Deux œuvres sont actuellement à l’affiche : un opéra-comique de 1841 de Gaetano Donizetti et un « demi-opéra » (ainsi nommé car il ne dure que 40 minutes) contemporain de Vincent Bouchot, interprétés par les trois mêmes chanteurs.
Le premier, « Rita ou le mari battu » est une joyeuse histoire de bigamie, transposée du milieu du 19ème siècle aux années 1960, délicieusement mise en scène par Mireille Larroche.
Dans une salle d’auberge, Rita affronte à coups de vocalises vertigineuses et de gants de boxe ses deux maris. C’est Amira Selim, remarquable soprano-colorature, au timbre cuivré et aux aigus percutants, qui l’incarne. Aussi agréable à voir qu’à entendre, elle virevolte entre son mari battu, le ténor Christophe Crapez, magnifique voix claire et veloutée, comédien irrésistible, et son mari « battant », le baryton Paul-Alexandre Dubois, au timbre superbe, d’une aisance scénique et vocale parfaite.
La musique de Donizetti est raffinée, pas toujours évidente à chanter malgré son apparente facilité. On retrouve souvent l’inspiration de « Don Pasquale ».
Le cocasse des situations est sans cesse souligné par les trouvailles de la mise en scène : bravo pour l’écran du fond où semblent rentrer les personnages lorsqu’ils quittent le plateau ou pour le jeu de qui-perd-gagne où les deux maris essaient de se débarrasser de leur tendre moitié. Le jeu des trois comédiens est à la hauteur de leur talent vocal.
Le second spectacle « Elle est pas belle la vie ? » reprend des textes des « Nouvelles brèves de comptoir » de Jean-Marie Gourio (interprétées à la télévision par Jean Carmet, inoubliable poivrot philosophe) mis en scène par Alain Patiès.
Un barman, Christophe Crapez, et un pilier de bar, Paul-Alexandre Dubois, refont la vie à coups de rouge et de lieux communs hilarants, sous une télévision muette qui déverse des torrents d’images d’actualités et de jeux.

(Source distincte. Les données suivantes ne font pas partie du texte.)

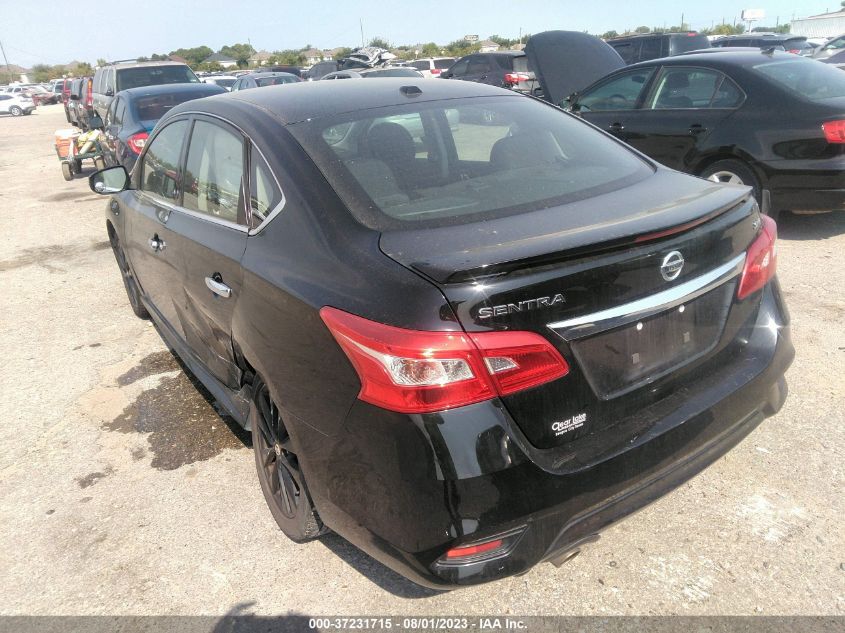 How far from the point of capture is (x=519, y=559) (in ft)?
6.16

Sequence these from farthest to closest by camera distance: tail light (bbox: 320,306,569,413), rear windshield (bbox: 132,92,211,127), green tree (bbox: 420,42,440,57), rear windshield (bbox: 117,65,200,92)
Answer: green tree (bbox: 420,42,440,57) < rear windshield (bbox: 117,65,200,92) < rear windshield (bbox: 132,92,211,127) < tail light (bbox: 320,306,569,413)

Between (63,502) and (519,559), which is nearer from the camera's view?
(519,559)

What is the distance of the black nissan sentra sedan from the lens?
1802 millimetres

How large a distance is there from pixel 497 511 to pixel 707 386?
902mm

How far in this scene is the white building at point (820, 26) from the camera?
41.5m

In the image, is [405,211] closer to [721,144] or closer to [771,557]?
[771,557]

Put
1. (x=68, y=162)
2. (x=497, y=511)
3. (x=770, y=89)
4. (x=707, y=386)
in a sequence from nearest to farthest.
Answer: (x=497, y=511) < (x=707, y=386) < (x=770, y=89) < (x=68, y=162)

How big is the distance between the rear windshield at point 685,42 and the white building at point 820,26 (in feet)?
107

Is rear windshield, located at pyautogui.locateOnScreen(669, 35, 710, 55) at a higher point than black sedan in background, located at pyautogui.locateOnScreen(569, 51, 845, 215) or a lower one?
higher

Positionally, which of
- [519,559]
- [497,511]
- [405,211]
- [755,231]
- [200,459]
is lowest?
[200,459]

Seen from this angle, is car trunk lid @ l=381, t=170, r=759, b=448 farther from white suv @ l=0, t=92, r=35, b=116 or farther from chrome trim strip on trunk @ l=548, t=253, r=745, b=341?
white suv @ l=0, t=92, r=35, b=116

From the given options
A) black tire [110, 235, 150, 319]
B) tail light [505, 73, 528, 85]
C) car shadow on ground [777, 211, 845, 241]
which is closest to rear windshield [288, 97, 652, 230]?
black tire [110, 235, 150, 319]

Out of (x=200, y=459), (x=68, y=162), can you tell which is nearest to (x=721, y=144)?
(x=200, y=459)

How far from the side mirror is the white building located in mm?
46991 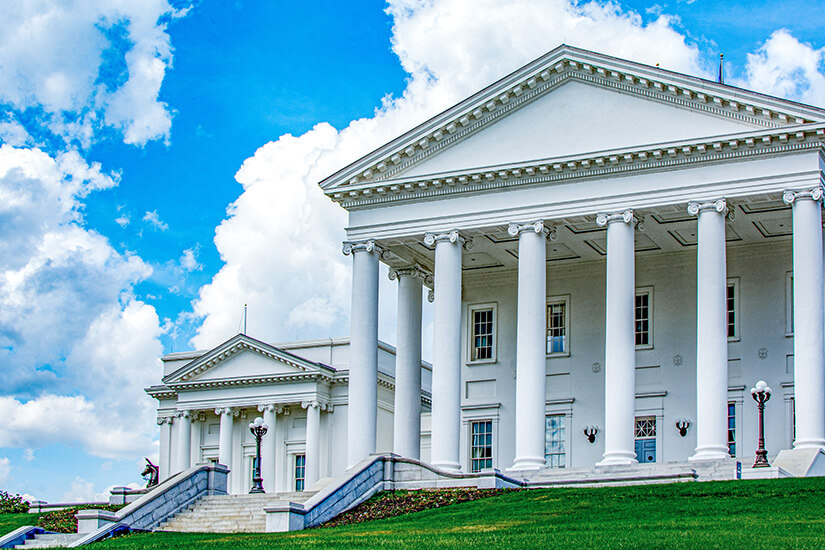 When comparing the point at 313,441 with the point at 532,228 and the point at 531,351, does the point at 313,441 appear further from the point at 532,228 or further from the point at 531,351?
the point at 532,228

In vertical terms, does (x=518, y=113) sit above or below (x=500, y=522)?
above

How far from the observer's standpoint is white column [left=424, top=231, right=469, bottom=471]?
44000 millimetres

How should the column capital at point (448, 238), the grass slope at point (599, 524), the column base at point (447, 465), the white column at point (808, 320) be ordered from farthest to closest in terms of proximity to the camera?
the column capital at point (448, 238), the column base at point (447, 465), the white column at point (808, 320), the grass slope at point (599, 524)

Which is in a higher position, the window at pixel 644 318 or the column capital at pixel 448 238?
the column capital at pixel 448 238

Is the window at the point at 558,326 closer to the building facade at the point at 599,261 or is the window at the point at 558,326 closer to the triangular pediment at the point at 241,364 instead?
the building facade at the point at 599,261

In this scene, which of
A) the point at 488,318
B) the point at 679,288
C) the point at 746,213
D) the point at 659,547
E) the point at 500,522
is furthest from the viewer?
the point at 488,318

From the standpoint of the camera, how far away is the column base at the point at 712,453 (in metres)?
38.9

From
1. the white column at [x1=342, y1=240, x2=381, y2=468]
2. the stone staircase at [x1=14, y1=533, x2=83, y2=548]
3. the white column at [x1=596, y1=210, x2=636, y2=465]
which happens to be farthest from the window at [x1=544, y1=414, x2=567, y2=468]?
the stone staircase at [x1=14, y1=533, x2=83, y2=548]

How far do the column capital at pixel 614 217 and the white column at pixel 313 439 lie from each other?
23.0 metres

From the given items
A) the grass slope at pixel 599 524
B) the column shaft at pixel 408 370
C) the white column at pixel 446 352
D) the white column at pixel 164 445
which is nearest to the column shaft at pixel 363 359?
the column shaft at pixel 408 370

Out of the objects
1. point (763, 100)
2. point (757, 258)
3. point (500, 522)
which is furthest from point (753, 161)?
point (500, 522)

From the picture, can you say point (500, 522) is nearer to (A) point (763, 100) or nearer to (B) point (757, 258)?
(A) point (763, 100)

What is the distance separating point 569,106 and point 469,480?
49.6 ft

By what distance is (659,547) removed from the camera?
22.4 metres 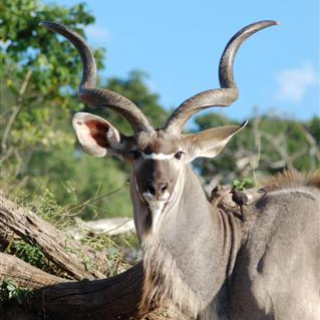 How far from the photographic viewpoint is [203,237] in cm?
526

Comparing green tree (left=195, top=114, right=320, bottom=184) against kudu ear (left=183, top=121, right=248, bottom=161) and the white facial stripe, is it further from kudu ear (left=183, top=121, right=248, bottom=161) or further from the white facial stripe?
the white facial stripe

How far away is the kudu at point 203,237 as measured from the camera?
5000mm

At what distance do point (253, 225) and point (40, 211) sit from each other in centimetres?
207

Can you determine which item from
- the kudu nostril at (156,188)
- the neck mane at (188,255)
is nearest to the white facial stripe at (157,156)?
the kudu nostril at (156,188)

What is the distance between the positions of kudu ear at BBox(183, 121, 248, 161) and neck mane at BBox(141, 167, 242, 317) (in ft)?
0.42

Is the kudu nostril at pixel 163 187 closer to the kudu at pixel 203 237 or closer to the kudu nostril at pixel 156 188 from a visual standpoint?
the kudu nostril at pixel 156 188

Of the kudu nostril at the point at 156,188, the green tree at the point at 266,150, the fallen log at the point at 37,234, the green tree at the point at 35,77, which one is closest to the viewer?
the kudu nostril at the point at 156,188

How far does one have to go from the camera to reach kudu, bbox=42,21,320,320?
5.00m

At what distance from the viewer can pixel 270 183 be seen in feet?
18.9

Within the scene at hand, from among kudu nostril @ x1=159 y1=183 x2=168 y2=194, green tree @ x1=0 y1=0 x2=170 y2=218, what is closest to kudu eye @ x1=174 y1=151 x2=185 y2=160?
kudu nostril @ x1=159 y1=183 x2=168 y2=194

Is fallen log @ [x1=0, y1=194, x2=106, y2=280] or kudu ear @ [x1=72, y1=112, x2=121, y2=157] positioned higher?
kudu ear @ [x1=72, y1=112, x2=121, y2=157]

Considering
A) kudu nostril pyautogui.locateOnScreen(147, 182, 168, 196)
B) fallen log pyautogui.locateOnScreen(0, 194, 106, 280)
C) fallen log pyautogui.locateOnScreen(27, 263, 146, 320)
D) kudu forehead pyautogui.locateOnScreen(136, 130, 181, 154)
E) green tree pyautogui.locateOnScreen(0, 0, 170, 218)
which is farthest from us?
green tree pyautogui.locateOnScreen(0, 0, 170, 218)

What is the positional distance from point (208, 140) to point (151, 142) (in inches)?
14.2

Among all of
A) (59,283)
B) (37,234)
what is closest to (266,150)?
(37,234) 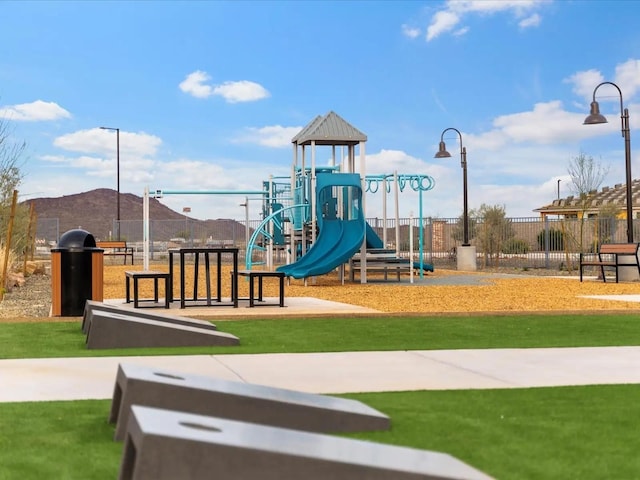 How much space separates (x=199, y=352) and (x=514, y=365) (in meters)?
3.15

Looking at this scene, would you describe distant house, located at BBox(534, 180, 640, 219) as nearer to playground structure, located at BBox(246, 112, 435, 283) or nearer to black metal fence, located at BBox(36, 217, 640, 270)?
black metal fence, located at BBox(36, 217, 640, 270)

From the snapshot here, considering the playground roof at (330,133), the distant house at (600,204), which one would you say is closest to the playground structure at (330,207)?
the playground roof at (330,133)

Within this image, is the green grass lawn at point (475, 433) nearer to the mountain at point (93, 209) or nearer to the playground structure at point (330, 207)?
the playground structure at point (330, 207)

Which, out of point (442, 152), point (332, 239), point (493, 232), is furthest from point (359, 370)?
point (493, 232)

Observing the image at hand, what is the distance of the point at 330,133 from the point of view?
23281 mm

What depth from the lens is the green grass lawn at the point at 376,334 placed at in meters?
8.86

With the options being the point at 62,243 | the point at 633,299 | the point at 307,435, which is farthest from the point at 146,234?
the point at 307,435

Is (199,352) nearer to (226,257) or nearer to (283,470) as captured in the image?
(283,470)

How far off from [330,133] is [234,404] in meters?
19.0

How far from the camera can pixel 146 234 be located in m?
20.6

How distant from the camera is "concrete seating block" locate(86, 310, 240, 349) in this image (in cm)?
877

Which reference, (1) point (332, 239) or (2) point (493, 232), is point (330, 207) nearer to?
(1) point (332, 239)

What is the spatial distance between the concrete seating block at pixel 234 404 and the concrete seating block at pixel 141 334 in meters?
3.96

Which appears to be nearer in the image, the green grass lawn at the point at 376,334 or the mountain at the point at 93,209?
the green grass lawn at the point at 376,334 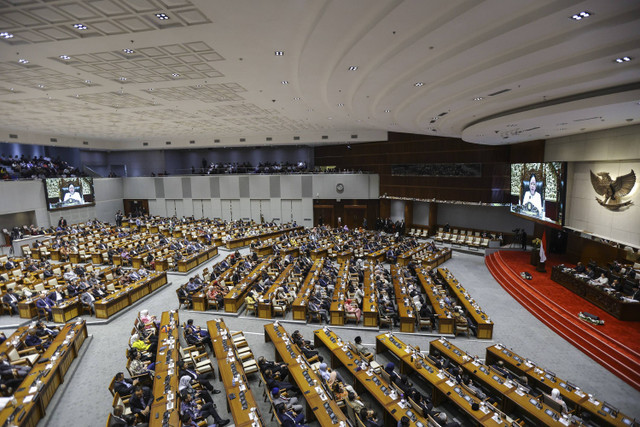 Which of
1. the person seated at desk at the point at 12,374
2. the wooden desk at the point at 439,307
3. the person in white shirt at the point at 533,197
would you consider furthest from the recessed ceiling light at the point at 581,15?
the person in white shirt at the point at 533,197

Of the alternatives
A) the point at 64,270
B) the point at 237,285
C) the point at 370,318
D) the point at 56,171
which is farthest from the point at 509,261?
the point at 56,171

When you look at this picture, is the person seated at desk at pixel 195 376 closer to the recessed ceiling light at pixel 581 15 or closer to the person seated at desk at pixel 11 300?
the person seated at desk at pixel 11 300

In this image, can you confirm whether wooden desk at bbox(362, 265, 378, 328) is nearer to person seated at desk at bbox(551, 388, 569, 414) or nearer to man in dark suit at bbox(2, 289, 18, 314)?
person seated at desk at bbox(551, 388, 569, 414)

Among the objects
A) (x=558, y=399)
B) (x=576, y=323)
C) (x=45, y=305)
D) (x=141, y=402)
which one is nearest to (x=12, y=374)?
(x=141, y=402)

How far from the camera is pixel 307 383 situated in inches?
272

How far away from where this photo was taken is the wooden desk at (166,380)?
19.5 ft

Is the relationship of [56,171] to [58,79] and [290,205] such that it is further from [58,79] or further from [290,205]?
[58,79]

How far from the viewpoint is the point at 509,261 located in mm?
16484

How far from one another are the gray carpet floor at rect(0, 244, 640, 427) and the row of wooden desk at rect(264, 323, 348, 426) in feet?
2.59

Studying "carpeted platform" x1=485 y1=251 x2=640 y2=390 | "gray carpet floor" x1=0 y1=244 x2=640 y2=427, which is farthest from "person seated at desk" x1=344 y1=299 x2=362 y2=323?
"carpeted platform" x1=485 y1=251 x2=640 y2=390

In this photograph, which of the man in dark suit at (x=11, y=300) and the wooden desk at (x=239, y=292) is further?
the wooden desk at (x=239, y=292)

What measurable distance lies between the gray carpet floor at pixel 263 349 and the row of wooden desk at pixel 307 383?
79 cm

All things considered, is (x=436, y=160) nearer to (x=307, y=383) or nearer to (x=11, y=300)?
(x=307, y=383)

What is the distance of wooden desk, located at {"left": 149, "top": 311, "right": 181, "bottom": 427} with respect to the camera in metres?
5.95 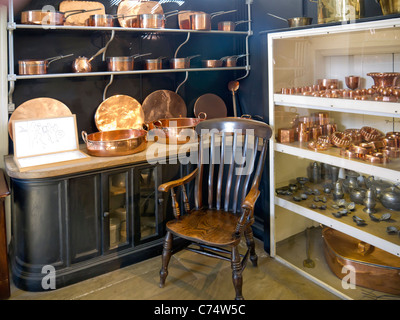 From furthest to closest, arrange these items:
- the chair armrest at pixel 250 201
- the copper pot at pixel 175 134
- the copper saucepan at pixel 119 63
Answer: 1. the copper pot at pixel 175 134
2. the copper saucepan at pixel 119 63
3. the chair armrest at pixel 250 201

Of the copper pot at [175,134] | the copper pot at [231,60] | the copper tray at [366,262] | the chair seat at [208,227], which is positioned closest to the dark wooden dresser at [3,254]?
the chair seat at [208,227]

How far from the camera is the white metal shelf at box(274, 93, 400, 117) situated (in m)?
1.83

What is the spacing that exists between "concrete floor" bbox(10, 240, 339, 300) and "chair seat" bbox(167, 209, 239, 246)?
1.38ft

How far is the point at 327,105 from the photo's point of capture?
216cm

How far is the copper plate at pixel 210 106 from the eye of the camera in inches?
122

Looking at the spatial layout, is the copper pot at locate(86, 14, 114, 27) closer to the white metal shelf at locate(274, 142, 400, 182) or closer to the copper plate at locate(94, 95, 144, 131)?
the copper plate at locate(94, 95, 144, 131)

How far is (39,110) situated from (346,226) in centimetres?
200

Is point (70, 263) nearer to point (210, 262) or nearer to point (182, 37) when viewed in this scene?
point (210, 262)

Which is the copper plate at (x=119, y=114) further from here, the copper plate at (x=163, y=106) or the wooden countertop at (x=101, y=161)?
the wooden countertop at (x=101, y=161)

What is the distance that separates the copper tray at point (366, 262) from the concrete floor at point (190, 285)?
197 mm

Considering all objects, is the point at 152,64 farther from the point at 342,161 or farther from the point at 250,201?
the point at 342,161

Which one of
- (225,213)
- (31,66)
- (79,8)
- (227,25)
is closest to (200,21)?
(227,25)

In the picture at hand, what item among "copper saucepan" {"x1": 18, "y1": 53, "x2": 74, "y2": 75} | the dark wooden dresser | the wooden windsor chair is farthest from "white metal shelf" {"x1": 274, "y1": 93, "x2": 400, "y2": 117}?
the dark wooden dresser

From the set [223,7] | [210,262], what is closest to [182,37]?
[223,7] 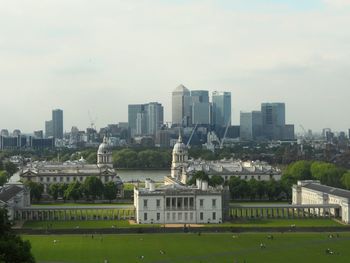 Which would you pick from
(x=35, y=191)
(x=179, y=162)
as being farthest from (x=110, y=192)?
(x=179, y=162)

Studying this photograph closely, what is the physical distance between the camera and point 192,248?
5244 centimetres

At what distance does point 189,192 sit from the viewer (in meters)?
71.6

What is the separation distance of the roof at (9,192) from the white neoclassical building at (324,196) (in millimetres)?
31549

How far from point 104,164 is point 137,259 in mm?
71310

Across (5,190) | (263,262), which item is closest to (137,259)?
(263,262)

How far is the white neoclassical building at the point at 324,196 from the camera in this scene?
7042 cm

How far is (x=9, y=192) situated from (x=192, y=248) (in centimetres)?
3130

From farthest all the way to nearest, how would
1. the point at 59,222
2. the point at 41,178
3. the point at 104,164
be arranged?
the point at 104,164 < the point at 41,178 < the point at 59,222

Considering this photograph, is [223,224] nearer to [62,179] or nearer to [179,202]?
[179,202]

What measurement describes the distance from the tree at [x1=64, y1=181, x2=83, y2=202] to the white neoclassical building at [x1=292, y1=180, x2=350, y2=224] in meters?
26.0

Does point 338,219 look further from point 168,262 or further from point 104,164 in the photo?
point 104,164

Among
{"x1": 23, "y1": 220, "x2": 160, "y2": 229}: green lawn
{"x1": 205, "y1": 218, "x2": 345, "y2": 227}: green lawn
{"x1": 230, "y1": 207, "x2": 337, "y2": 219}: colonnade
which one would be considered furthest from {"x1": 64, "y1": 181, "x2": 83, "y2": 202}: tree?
{"x1": 205, "y1": 218, "x2": 345, "y2": 227}: green lawn

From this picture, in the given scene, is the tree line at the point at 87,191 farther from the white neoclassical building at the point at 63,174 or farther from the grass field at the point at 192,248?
the grass field at the point at 192,248

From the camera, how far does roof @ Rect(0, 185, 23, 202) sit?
72.5 m
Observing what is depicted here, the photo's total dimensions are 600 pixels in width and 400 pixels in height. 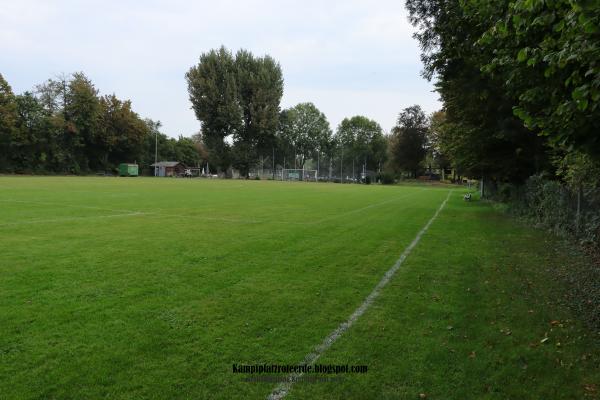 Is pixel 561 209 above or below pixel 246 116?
below

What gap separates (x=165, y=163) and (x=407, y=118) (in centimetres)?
5172

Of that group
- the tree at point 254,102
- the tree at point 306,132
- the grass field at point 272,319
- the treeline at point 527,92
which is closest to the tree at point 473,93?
the treeline at point 527,92

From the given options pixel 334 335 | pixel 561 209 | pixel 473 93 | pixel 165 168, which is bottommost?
pixel 334 335

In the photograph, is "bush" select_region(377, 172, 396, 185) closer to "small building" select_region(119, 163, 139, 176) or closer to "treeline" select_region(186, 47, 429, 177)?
"treeline" select_region(186, 47, 429, 177)

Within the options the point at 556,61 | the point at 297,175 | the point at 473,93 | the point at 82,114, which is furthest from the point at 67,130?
the point at 556,61

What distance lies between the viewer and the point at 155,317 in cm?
499

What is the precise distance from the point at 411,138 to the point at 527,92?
80.3 m

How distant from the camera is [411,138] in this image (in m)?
82.8

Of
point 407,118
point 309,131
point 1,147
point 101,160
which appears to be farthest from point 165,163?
point 407,118

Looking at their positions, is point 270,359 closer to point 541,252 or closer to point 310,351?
point 310,351

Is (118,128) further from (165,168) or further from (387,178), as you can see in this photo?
(387,178)

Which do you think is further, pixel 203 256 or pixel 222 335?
pixel 203 256

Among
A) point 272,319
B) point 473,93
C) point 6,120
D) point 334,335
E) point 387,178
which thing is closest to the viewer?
point 334,335

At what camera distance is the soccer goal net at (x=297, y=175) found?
94.6 meters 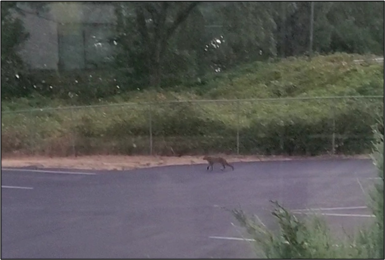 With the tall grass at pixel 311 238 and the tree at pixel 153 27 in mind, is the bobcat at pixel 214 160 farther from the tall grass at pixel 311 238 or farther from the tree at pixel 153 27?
the tree at pixel 153 27

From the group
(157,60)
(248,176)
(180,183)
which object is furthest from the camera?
(248,176)

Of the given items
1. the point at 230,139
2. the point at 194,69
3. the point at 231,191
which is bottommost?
the point at 231,191

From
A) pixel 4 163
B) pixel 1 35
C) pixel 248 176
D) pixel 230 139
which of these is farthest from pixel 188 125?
pixel 1 35

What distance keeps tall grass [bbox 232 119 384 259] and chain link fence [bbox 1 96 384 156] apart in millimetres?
1279

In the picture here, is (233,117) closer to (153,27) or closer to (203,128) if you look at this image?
(203,128)

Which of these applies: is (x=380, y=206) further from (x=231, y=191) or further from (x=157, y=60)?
(x=231, y=191)

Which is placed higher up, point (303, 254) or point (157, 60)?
point (157, 60)

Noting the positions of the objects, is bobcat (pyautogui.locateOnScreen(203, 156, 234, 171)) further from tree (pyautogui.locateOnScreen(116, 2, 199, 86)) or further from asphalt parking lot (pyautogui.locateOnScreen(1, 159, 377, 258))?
tree (pyautogui.locateOnScreen(116, 2, 199, 86))

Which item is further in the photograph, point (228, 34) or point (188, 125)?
point (188, 125)

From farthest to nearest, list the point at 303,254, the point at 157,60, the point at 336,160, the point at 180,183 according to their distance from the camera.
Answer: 1. the point at 336,160
2. the point at 180,183
3. the point at 157,60
4. the point at 303,254

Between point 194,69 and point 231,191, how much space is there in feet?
6.52

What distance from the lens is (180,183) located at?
646cm

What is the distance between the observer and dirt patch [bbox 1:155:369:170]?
202 inches

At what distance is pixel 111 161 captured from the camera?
6.03 meters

Leur dialogue est mi-parlé mi-chanté sur la musique insolite et sensuelle de Vincent Bouchot, doublée parfois d’une ambiance sonore réalisée sur ordinateur, et entrecoupé de vocalises chantées au loin par Amira Selim. On sent que Vincent Bouchot est chanteur, car son écriture met en valeur les voix sans les forcer à d’inutiles prouesses.
L’ensemble est très drôle, très nouveau, on rit beaucoup du texte et de la mise en scène jubilatoire de Alain Patiès.
Et pour finir, un immense bravo à Caroline Dubost, pianiste infatigable, qui arrive presque à faire oublier l’absence d’orchestre tant son accompagnement est sensible, présent et engagé.